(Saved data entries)

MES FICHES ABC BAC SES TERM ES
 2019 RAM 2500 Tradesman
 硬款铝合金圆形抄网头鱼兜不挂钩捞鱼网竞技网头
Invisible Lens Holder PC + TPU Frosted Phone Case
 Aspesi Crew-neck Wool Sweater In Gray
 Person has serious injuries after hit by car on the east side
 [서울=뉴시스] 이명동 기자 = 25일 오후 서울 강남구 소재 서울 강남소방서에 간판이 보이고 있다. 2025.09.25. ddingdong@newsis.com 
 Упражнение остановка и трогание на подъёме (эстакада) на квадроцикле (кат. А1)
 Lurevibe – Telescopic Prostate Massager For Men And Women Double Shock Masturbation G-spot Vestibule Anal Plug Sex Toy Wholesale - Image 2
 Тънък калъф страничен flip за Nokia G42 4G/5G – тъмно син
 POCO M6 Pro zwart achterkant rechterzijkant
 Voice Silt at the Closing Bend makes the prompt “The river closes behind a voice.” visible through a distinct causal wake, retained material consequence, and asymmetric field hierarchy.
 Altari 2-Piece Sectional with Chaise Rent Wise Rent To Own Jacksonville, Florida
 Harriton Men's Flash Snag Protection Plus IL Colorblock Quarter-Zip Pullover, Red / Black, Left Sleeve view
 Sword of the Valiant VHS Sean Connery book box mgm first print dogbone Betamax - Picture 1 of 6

What to work on
Please reproduce, word for word, every line from the line with "Тънък калъф страничен" to the final line above, including both ends.

Result below
 Тънък калъф страничен flip за Nokia G42 4G/5G – тъмно син
 POCO M6 Pro zwart achterkant rechterzijkant
 Voice Silt at the Closing Bend makes the prompt “The river closes behind a voice.” visible through a distinct causal wake, retained material consequence, and asymmetric field hierarchy.
 Altari 2-Piece Sectional with Chaise Rent Wise Rent To Own Jacksonville, Florida
 Harriton Men's Flash Snag Protection Plus IL Colorblock Quarter-Zip Pullover, Red / Black, Left Sleeve view
 Sword of the Valiant VHS Sean Connery book box mgm first print dogbone Betamax - Picture 1 of 6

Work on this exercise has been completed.